In the final hours of their captivity on Bunce Island the Africans were marched out of the holding yards, through the main gates and down a stone pathway towards the jetty. Without knowing it they were already heading westwards in the direction of the Americas, where those who survived the Middle Passage were to spend the rest of their lives. On their way to the water’s edge, on a bend in the pathway, it appears that a blacksmith was stationed. There shackles were fixed to the legs of the ‘slaves’ – as they now unquestionably were. At the jetty they were loaded into small boats and ferried out to the ocean-going slave ships assembled in the deeper waters of the river channel. The whole operation was carried out under the gaze of a huge cannon. It is still there, blackened and encrusted to the stonework of the jetty. It was on those stone blocks that between thirty and fifty thousand Africans took their last step on the continent of their birth.

In 1808, when the slave trade was abandoned, Bunce Island’s location, which had been so important and so advantageous for so many years, became a liability. The centre of British activity in Sierra Leone shifted to Freetown at the mouth of the river and although the British colonial authorities were reluctant to abandon the collection of expensive and extensive buildings, no long-term use for them could be found. The fortress was briefly converted into a barracks and training ground for locally recruited African regiments, and after that became a sawmill, where valuable African teak wood was cut and planed for use in ship-building. But in the early 1840s, with the main fortifications and the walls of the agents’ house already crumbling into disrepair, the whole island was abandoned. The vegetation that had been for so long tamed now rioted across the holding yards; great trees pushed their roots into the foundations and vines and creepers spread their tendrils across the old walls.

As the island now had no economic raison d’être there was no reason to visit and few people did. Slowly consumed and concealed by the trees, the fortress was forgotten. Generations later the rumour emerged that the ruins were of a Portuguese slave factory – as the Portuguese were the first Europeans to arrive on the Guinea Coast anything conspicuously old in Sierra Leone tended to be described as Portuguese. When, in the 1970s, American archaeologists arrived on Bunce Island they were able to instantly establish the true nationality of the ruins. On the battlements that defended the northern and western edges of the fortress they came across several abandoned cannon on which, beneath the symbol of a crown, were initials ‘G R’ – George Rex, the cipher of the British King George III.

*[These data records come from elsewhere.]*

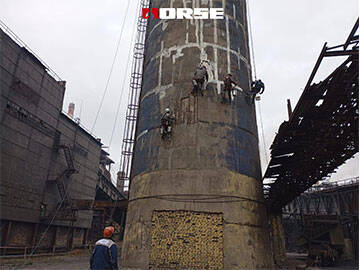 Reforço de fibra de carbono em chaminés com fissuras e vergalhões expostos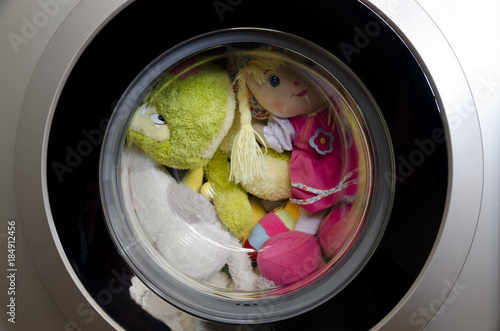 Washing machine door with rotating toys inside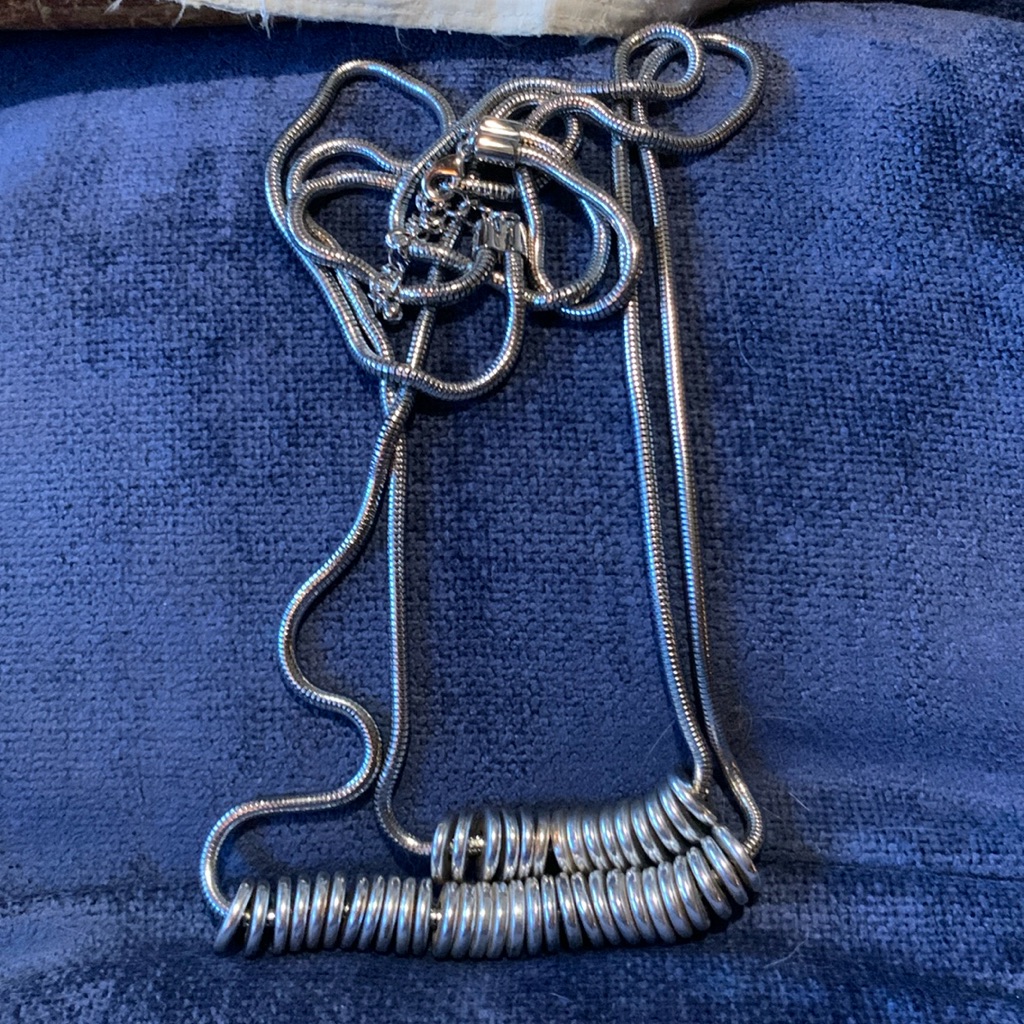 Modern 19 Silvertone Necklace With Disks 10$
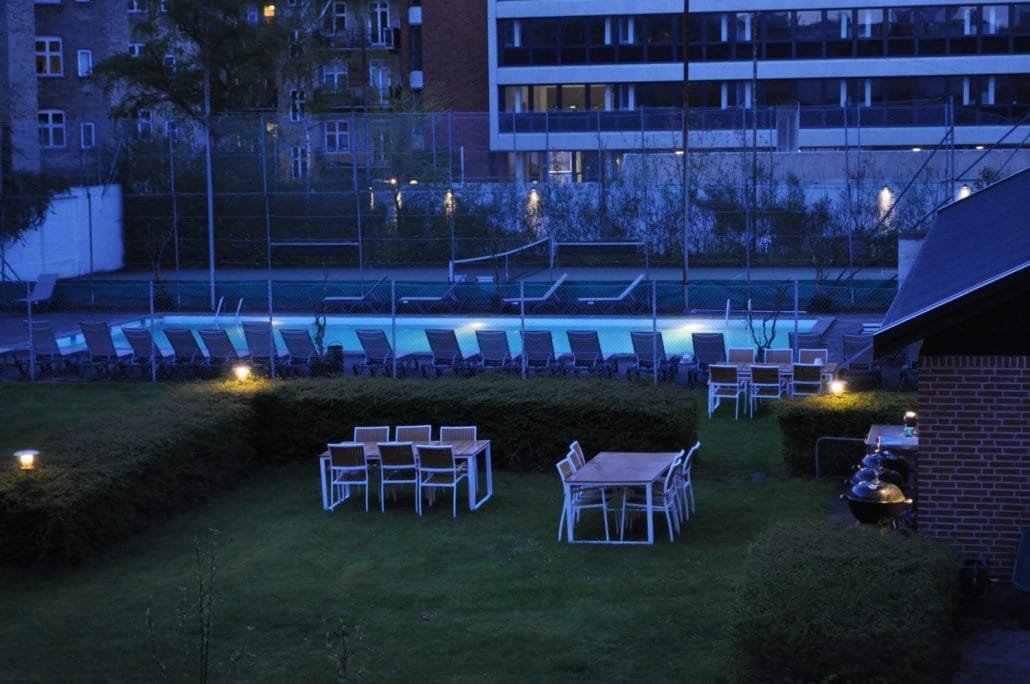An outdoor area is shown at night, featuring several illuminated tables and chairs arranged on a grassy lawn. A pool is visible in the background, surrounded by lounge chairs. Soft lighting enhances the setting, revealing nearby tennis courts.
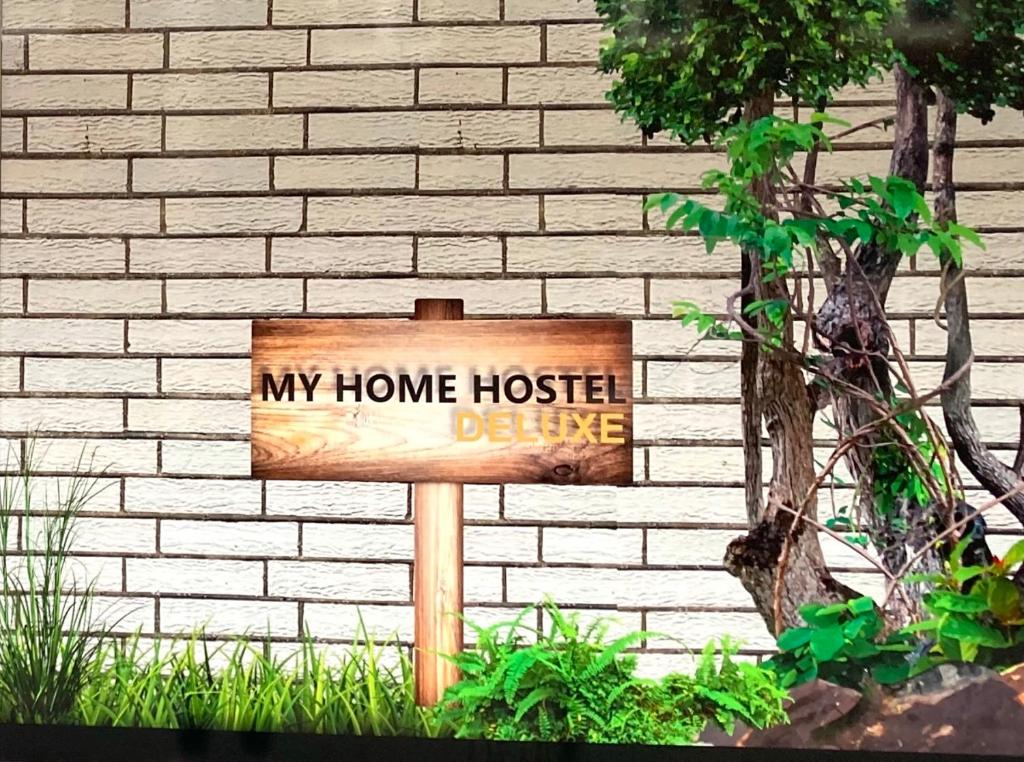 a wooden sign in front of a brick wall at My Home Hostel Deluxe Lüdinghausen in Lüdinghausen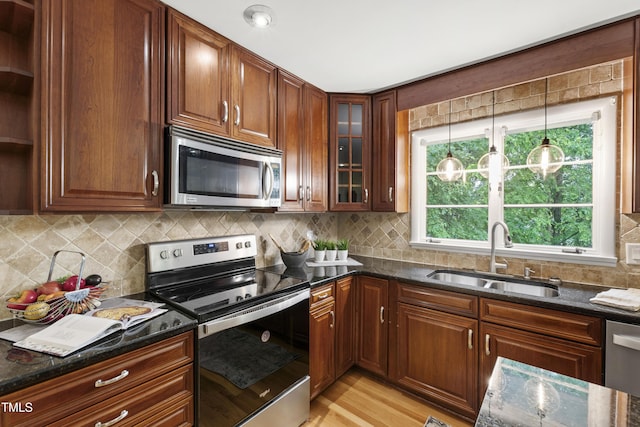 4902 Brookhaven Dr, Raleigh, NC 27612 - kitchen with stainless steel appliances, a sink, and dark stone countertops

The most dedicated of archaeologists who have worked on Bunce Island is Joseph Opala. He once described the island as the ‘Pompeii’ of the Atlantic slave trade. Opala linked Bunce Island to the history of the United States in a way that was both remarkable and unique. It regarded the story of the Gullah people, sometimes called the Geechee. These African American communities were formed in isolated coastal settlements in South Carolina and Georgia. Thanks to genealogical research and well-preserved records of the transportation and sale of enslaved Africans in that part of colonial North America, members of the Gullah communities are among the tiny number of African Americans who can know with some certainty which parts of Africa their ancestors came from. A handful have even been able to trace the names of their ancestors.⁶ Many were people who had been sold to the owners of rice plantations in South Carolina and Georgia from the infamous slave market at Charleston in South Carolina, to which the ships that left the jetty at Bunce Island regularly travelled. After the abolition of American slavery in the 1860s, the Gullah were largely left to their own devices and were able to preserve aspects of their original African languages and cultures. When historians and archaeologists like Joseph Opala began to trace the lineage of these communities, the branches of their family trees led, time and again, to Bunce Island.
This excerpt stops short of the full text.